** What the exercise asks **
Scan the lines below for "pour" and copy the matches.

(Scraped caption text data)
▬▬▬▬▬▬

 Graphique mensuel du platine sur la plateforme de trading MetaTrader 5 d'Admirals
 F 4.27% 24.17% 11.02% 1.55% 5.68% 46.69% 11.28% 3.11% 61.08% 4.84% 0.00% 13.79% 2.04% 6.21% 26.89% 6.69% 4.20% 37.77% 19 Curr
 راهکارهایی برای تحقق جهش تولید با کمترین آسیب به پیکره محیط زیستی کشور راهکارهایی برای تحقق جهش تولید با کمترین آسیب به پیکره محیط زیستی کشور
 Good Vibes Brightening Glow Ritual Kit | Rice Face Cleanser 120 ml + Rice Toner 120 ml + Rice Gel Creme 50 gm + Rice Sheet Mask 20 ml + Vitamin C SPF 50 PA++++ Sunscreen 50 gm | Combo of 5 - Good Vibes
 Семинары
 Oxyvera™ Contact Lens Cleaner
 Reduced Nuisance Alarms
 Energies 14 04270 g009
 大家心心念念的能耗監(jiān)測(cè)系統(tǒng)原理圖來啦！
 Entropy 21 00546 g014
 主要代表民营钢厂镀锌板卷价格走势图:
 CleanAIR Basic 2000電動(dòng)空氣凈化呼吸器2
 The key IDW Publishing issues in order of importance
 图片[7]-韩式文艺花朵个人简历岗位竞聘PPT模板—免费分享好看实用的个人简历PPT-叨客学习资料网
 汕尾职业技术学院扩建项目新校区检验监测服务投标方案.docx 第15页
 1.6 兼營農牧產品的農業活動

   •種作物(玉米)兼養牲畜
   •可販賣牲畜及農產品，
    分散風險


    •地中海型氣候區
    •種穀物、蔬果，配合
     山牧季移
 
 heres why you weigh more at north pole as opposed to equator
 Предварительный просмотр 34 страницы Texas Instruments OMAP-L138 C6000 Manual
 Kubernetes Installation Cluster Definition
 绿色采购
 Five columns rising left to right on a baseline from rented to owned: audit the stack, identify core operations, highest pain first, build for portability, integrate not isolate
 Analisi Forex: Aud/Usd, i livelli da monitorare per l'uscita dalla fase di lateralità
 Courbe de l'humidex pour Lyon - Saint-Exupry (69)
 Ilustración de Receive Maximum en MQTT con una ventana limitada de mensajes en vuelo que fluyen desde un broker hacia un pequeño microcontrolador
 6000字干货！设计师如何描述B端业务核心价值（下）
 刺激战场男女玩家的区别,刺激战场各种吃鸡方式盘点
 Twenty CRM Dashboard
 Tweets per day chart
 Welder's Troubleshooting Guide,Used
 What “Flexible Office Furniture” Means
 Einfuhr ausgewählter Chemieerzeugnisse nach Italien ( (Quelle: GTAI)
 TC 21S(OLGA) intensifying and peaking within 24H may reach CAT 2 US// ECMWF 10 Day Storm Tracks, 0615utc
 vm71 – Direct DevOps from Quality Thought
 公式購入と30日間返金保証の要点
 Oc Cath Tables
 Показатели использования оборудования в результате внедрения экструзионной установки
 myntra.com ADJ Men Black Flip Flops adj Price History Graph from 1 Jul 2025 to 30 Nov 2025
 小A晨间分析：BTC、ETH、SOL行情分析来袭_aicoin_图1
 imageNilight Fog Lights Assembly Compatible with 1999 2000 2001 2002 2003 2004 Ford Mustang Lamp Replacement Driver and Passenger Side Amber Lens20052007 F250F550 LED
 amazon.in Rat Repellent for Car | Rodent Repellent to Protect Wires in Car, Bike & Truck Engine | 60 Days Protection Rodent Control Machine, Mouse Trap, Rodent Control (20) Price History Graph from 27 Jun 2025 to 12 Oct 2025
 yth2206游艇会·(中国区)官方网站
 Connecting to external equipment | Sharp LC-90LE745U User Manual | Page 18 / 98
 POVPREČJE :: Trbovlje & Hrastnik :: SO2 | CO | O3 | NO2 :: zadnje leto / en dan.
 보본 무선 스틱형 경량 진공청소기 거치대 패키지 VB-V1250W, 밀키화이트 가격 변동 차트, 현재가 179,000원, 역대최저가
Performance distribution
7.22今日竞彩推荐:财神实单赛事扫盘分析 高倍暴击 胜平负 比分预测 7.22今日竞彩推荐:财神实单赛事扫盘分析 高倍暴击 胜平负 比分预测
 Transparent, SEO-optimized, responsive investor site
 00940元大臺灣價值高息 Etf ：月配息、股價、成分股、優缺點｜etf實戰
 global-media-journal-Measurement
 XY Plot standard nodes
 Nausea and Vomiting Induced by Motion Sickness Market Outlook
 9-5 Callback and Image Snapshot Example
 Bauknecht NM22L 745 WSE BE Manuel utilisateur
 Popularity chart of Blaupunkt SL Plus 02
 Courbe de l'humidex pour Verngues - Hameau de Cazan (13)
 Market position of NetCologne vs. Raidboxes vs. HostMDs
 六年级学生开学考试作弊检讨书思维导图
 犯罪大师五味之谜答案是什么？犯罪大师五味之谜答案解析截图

▬▬▬▬▬▬

** Answer space **
 Courbe de l'humidex pour Lyon - Saint-Exupry (69)
 Courbe de l'humidex pour Verngues - Hameau de Cazan (13)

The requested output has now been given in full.